#### [Prompt]
Print the data that follows exactly.

#### [Dataset section]
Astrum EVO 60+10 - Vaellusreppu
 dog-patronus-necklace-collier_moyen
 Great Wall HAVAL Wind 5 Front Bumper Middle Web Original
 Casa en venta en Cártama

#### [Solution to this task]
Astrum EVO 60+10 - Vaellusreppu
 dog-patronus-necklace-collier_moyen
 Great Wall HAVAL Wind 5 Front Bumper Middle Web Original
 Casa en venta en Cártama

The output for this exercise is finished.